┌──

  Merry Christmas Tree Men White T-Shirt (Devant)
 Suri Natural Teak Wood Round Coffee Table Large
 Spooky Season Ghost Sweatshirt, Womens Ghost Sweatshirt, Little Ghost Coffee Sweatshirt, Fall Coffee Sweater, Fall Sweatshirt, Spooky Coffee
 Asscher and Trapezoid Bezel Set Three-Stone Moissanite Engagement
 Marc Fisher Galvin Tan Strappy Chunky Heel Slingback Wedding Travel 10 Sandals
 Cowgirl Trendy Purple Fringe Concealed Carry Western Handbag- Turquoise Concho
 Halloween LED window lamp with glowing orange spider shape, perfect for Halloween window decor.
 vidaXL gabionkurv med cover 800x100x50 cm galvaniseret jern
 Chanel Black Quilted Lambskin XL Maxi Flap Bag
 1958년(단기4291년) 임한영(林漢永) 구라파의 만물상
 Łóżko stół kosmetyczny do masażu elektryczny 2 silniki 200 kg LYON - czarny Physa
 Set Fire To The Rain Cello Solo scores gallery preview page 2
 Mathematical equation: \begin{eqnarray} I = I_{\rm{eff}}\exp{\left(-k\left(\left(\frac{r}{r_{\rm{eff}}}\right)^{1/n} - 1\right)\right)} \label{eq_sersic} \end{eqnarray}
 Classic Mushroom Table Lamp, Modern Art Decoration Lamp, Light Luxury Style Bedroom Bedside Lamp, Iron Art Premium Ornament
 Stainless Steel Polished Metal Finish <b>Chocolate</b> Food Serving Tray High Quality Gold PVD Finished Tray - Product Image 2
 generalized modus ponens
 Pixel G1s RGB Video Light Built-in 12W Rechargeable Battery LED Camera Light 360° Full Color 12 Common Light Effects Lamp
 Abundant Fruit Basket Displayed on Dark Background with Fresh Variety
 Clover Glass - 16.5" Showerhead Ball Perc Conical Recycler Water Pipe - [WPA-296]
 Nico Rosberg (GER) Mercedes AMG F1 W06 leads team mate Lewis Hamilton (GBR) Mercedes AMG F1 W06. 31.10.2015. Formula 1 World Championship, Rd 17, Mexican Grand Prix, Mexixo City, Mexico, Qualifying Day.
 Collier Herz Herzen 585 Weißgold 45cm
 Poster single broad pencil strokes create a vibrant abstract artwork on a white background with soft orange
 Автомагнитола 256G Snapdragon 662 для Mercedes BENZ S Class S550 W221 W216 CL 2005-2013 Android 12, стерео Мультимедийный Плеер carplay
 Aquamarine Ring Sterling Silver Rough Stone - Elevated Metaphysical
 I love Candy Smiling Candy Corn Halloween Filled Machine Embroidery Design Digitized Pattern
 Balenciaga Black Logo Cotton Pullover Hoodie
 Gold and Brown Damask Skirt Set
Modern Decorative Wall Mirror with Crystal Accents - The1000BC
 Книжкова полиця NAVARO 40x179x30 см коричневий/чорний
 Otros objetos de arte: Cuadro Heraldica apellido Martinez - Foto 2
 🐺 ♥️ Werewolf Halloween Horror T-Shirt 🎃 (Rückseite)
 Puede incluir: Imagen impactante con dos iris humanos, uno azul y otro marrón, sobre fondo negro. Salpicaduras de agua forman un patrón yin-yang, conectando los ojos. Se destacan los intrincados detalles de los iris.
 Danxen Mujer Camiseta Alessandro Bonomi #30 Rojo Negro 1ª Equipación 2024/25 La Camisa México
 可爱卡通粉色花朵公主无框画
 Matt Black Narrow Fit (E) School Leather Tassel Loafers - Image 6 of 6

└──

**Required work**
Repeat the whole listing exactly, keeping every line intact.

**Answer area**
  Merry Christmas Tree Men White T-Shirt (Devant)
 Suri Natural Teak Wood Round Coffee Table Large
 Spooky Season Ghost Sweatshirt, Womens Ghost Sweatshirt, Little Ghost Coffee Sweatshirt, Fall Coffee Sweater, Fall Sweatshirt, Spooky Coffee
 Asscher and Trapezoid Bezel Set Three-Stone Moissanite Engagement
 Marc Fisher Galvin Tan Strappy Chunky Heel Slingback Wedding Travel 10 Sandals
 Cowgirl Trendy Purple Fringe Concealed Carry Western Handbag- Turquoise Concho
 Halloween LED window lamp with glowing orange spider shape, perfect for Halloween window decor.
 vidaXL gabionkurv med cover 800x100x50 cm galvaniseret jern
 Chanel Black Quilted Lambskin XL Maxi Flap Bag
 1958년(단기4291년) 임한영(林漢永) 구라파의 만물상
 Łóżko stół kosmetyczny do masażu elektryczny 2 silniki 200 kg LYON - czarny Physa
 Set Fire To The Rain Cello Solo scores gallery preview page 2
 Mathematical equation: \begin{eqnarray} I = I_{\rm{eff}}\exp{\left(-k\left(\left(\frac{r}{r_{\rm{eff}}}\right)^{1/n} - 1\right)\right)} \label{eq_sersic} \end{eqnarray}
 Classic Mushroom Table Lamp, Modern Art Decoration Lamp, Light Luxury Style Bedroom Bedside Lamp, Iron Art Premium Ornament
 Stainless Steel Polished Metal Finish <b>Chocolate</b> Food Serving Tray High Quality Gold PVD Finished Tray - Product Image 2
 generalized modus ponens
 Pixel G1s RGB Video Light Built-in 12W Rechargeable Battery LED Camera Light 360° Full Color 12 Common Light Effects Lamp
 Abundant Fruit Basket Displayed on Dark Background with Fresh Variety
 Clover Glass - 16.5" Showerhead Ball Perc Conical Recycler Water Pipe - [WPA-296]
 Nico Rosberg (GER) Mercedes AMG F1 W06 leads team mate Lewis Hamilton (GBR) Mercedes AMG F1 W06. 31.10.2015. Formula 1 World Championship, Rd 17, Mexican Grand Prix, Mexixo City, Mexico, Qualifying Day.
 Collier Herz Herzen 585 Weißgold 45cm
 Poster single broad pencil strokes create a vibrant abstract artwork on a white background with soft orange
 Автомагнитола 256G Snapdragon 662 для Mercedes BENZ S Class S550 W221 W216 CL 2005-2013 Android 12, стерео Мультимедийный Плеер carplay
 Aquamarine Ring Sterling Silver Rough Stone - Elevated Metaphysical
 I love Candy Smiling Candy Corn Halloween Filled Machine Embroidery Design Digitized Pattern
 Balenciaga Black Logo Cotton Pullover Hoodie
 Gold and Brown Damask Skirt Set
Modern Decorative Wall Mirror with Crystal Accents - The1000BC
 Книжкова полиця NAVARO 40x179x30 см коричневий/чорний
 Otros objetos de arte: Cuadro Heraldica apellido Martinez - Foto 2
 🐺 ♥️ Werewolf Halloween Horror T-Shirt 🎃 (Rückseite)
 Puede incluir: Imagen impactante con dos iris humanos, uno azul y otro marrón, sobre fondo negro. Salpicaduras de agua forman un patrón yin-yang, conectando los ojos. Se destacan los intrincados detalles de los iris.
 Danxen Mujer Camiseta Alessandro Bonomi #30 Rojo Negro 1ª Equipación 2024/25 La Camisa México
 可爱卡通粉色花朵公主无框画
 Matt Black Narrow Fit (E) School Leather Tassel Loafers - Image 6 of 6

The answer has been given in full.